Editorial
Treinta homicidios dolosos este lunes 30 de junio. No se trata de una cifra acumulada en una semana ni en un mes. Es el saldo de un solo día en Sinaloa, el último de junio. Una cifra que estremece por su magnitud, pero también por la aparente normalización con la que se reporta: una línea más en los comunicados de la Fiscalía, una cifra más en la estadística oficial, un dato que se diluye en el ruido informativo del país.
¿Dónde están las respuestas institucionales ante este nivel de violencia? ¿Qué nos dice esto sobre la efectividad de los operativos conjuntos, de las mesas de seguridad, de los despliegues militares y de la supuesta coordinación entre niveles de gobierno?
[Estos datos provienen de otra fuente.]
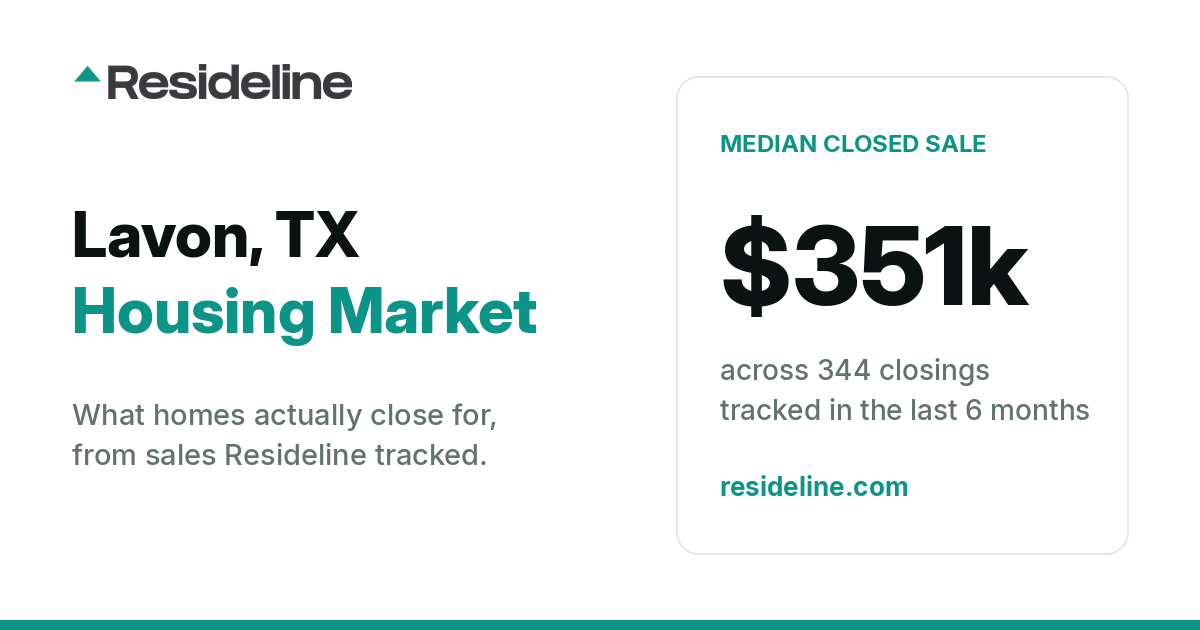Lavon, TX Housing Market 2026: What Homes Actually Sell For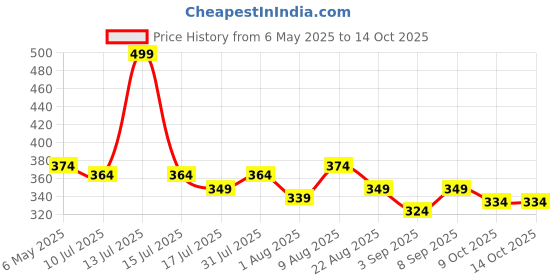 myntra.com Adbeni Superstay HD Pressed Matte Finish Compact Powder Shade 02 adbeni Price History Graph from 6 May 2025 to 14 Oct 2025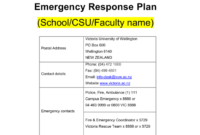Emergency Management Plan Template Pertaining To Free Crisis Management Policy Template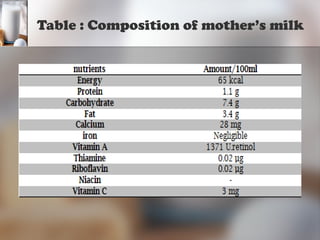 Comprehensive Guide to Nutrition During Pregnancy and Lactation for ...
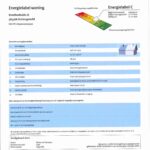 energielabel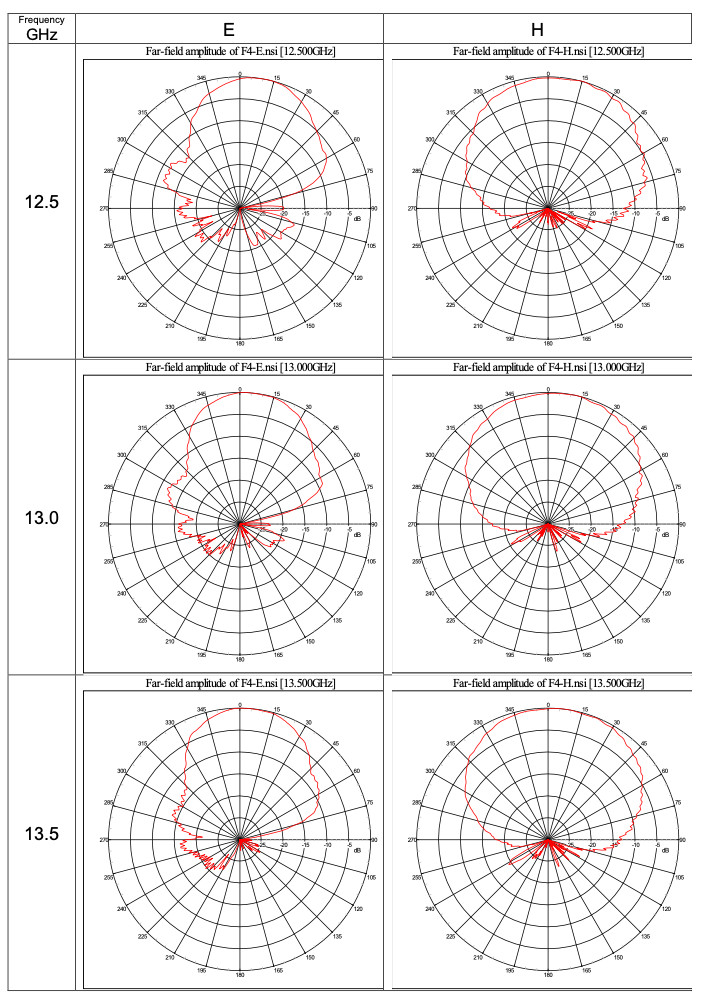 2 GHz to 18 GHz Ultra-Wide band 7 dBi Gain Log-periodic Antenna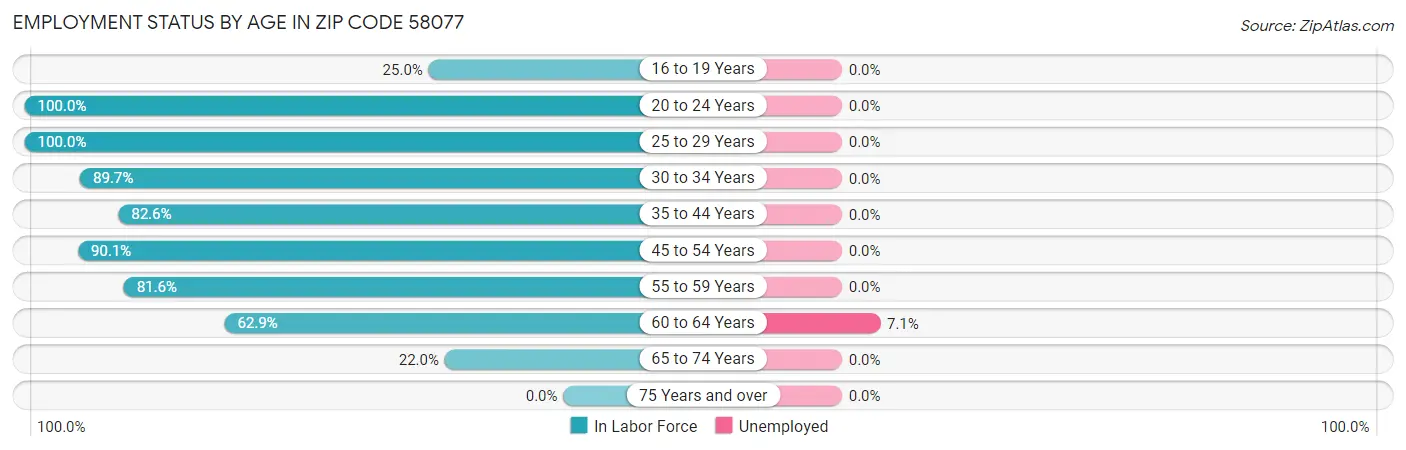 Employment Status by Age in Zip Code 58077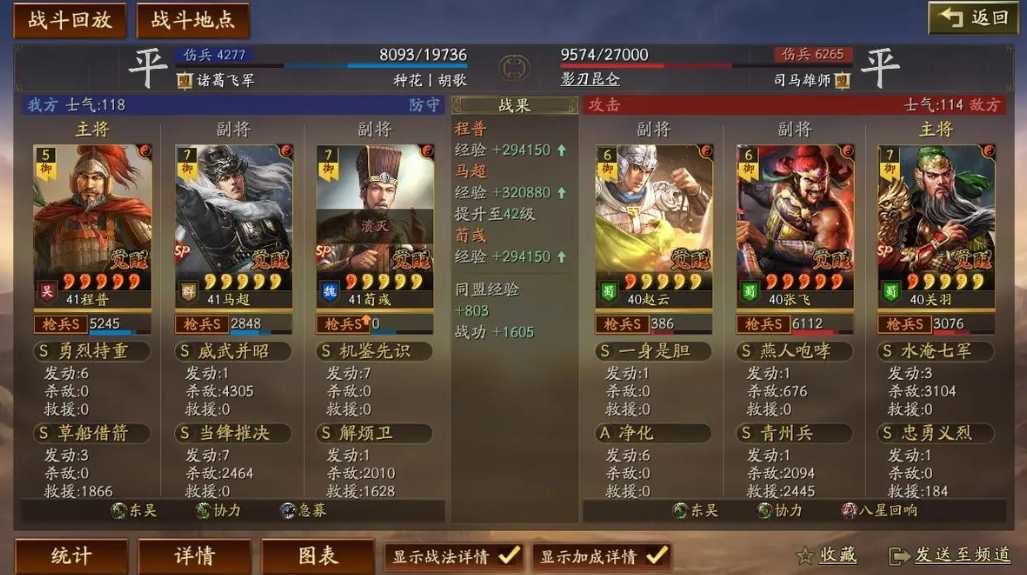 三国志战略版s6什么队伍最强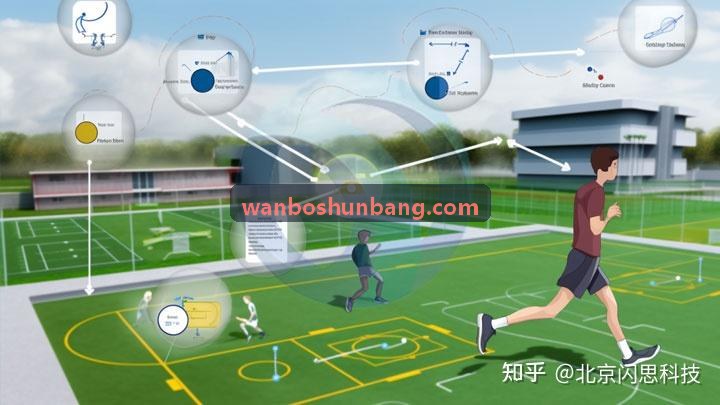 WANBO.COM云端指挥大屏中台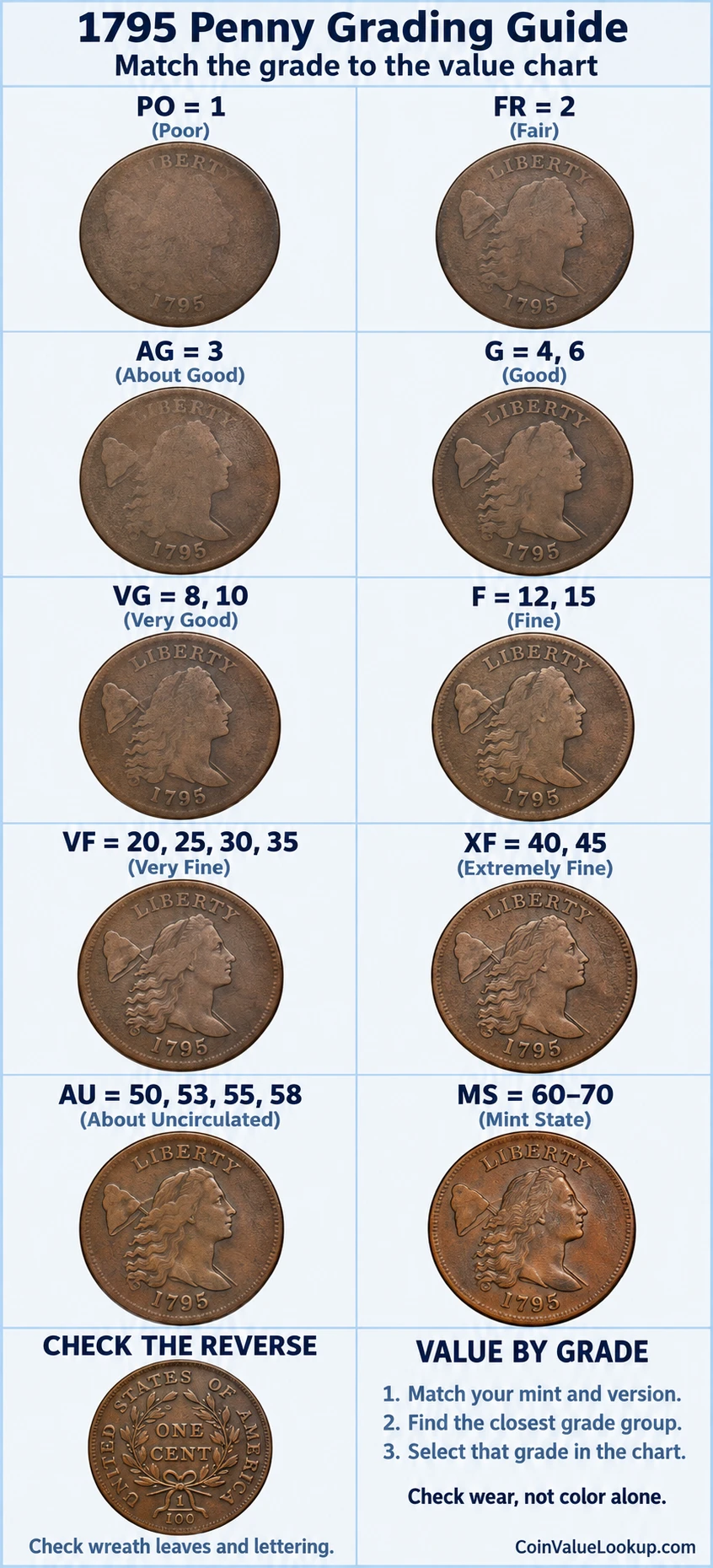 1795 Liberty Cap penny numeric grading guide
Las autoridades presumen estrategias, pero la realidad —cruda y sangrienta— las desmiente día con día.
El silencio o la tibieza de los funcionarios ante estos hechos es más preocupante aún. No hay comparecencias urgentes, no hay mensajes contundentes, no hay rendición de cuentas. Sólo un conteo burocrático que da la vuelta a la página como si hablar de treinta vidas humanas arrebatadas fuese un trámite más.
Y en medio de todo, la ciudadanía vive atrapada entre la resignación y el miedo. Porque si treinta homicidios en un día no son suficientes para detonar una alerta máxima y una revisión profunda de las políticas públicas en materia de seguridad, entonces ¿qué se necesita?
Sinaloa no puede seguir contabilizando muertos sin exigir responsables. No se trata solo de números: se trata de familias destruidas, de comunidades paralizadas, de un tejido social que se desangra lentamente mientras los discursos oficiales insisten en que “vamos bien”.
Ya no es momento de retórica, es momento de resultados.